Down asks whether there is any research linking roads and respiratory health. There is. Edwards and colleagues found that children admitted to hospital with asthma were more likely to live in an area of Birmingham with a high traffic flow than were control children [1]. Elliott and colleagues, by contrast, found that asthmatic cases, defined as needing regular medication, were no more likely to live by main roads than were nonasthmatic controls [2]. Elliott and colleagues see these findings as contradictory, but perhaps asthma prevalence is unaffected by the roads and asthma severity is. Waldron and colleagues found that the prevalence of asthma in East Surrey was lower near the M25 than further away [3].

Proxy measures

Roads, of course, are a proxy for the amount of air pollution to which people are exposed. Schwartz found that more cases of croup, but not bronchiolitis presented to hospital when the level of nitrogen dioxide and particulates was higher [4]. It is hard to disentangle weather effects from this as weather is a major influence on the concentration of outdoor air pollution. The study cannot determine whether incidence or severity is affected.

Study findings

A Finnish study found that upper respiratory infections (URTIs) of all types were more common in toddlers in a polluted city than in two cleaner cities: odds ratio (95% confidence intervals) were 2.0 (1.3-3.2) [5]. Toddlers in the most polluted parts of the polluted city had an odds ratio of 2.0 (1.0-4.0) for URTIs, compared to those in the less polluted parts.
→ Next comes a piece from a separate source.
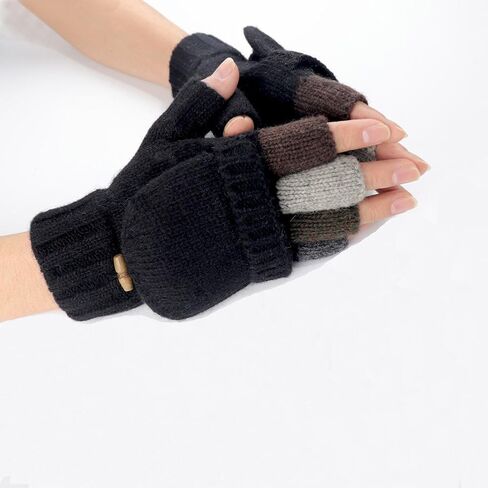 Akayboya Winter Warm Knitted Fingerless Gloves Convertible Wool Gloves with Mittens Cover for Women and Men in Saudi Arabia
A study in Japan found that allergic rhinitis was more common in polluted areas and in areas with high concentrations of cedar pollen, but was most common in areas with high pollution and high cedar pollen levels [6].

In summary, we know that pollution from vehicles can exacerbate respiratory conditions, but we do not know whether it also affects the incidence, although the Japanese results suggest it might.

What Dr Down could do

It would be hard for Dr Down to study this problem in his/her practice. S/He could do a time series study like Schwartz. If s/he had access to daily pollution measures, s/he could examine the number of consultations in relation to the pollution level: a tricky statistical problem. Another approach is to compare his/her practice to one or more control practices away from the motorway to see if the number of consultations is different.
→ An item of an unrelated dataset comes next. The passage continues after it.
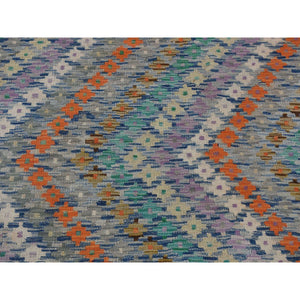 10'2"x13'7" Colorful, Hand Woven Afghan Maimana Kilim with Zig Zag Design, Veggie Dyes Pure Wool, Oriental Rug FWR481818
The difficulty here is knowing whether the differences in consultation rates are due to the pollution, or some other characteristic of the patients or the practice style. Studies of the effects of air pollution usually require large numbers of people and are best done using a population sample, rather than a sample of consulters.
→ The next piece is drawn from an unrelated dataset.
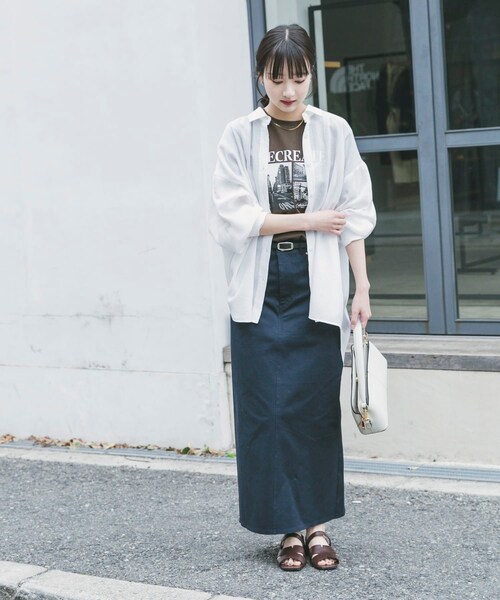 ITEMS URBANRESEARCH（アイテムズ アーバンリサーチ）の「『イージーケア』ストレッチチノスカート(楽着シリーズ)（スカート・レディース・CML/L.BEG/NVY・S/M）」の14枚目の写真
[Mystery note: Bandolier apologises for losing the name and address of the reader who wrote this piece. Please let us know so we can acknowledge you properly]

References

  1. Edwards J, Walters S, Griffiths RK. Hospital admissions for asthma in preschool children: relationship to major roads in Birmingham, United Kingdom. Arch Environ Health 1994;49:223-7.
  2. Livingstone AE, Shaddick G, Grundy C, Elliott P. Do people living near inner city main roads have more asthma needing treatment? Case control study. Br Med J 1996;312:676-7.
  3. Waldron G, Pottle B, Dod J. Asthma and the motorways - one District's experience. J Publ Hlth Med 1995;17:85-9.
  4. Schwartz J, Spix C, Wichmann HE, Malin E. Air pollution and acute respiratory illness in five German communities. Environ Res 1991;56:1-14.
  5. Jaakkola JJ, Paunio M, Virtanen M, Heinonen OP. Low-level air pollution and upper respiratory infections in children. Am J Public Health 1991;81:1060-3.
  6. Ishizaki T, Koizumi K, Ikemori R, Ishiyama Y, Kushibiki E. Studies of prevalence of Japanese cedar pollinosis among the residents in a densely cultivated area. Ann Allergy 1987;58:265-70.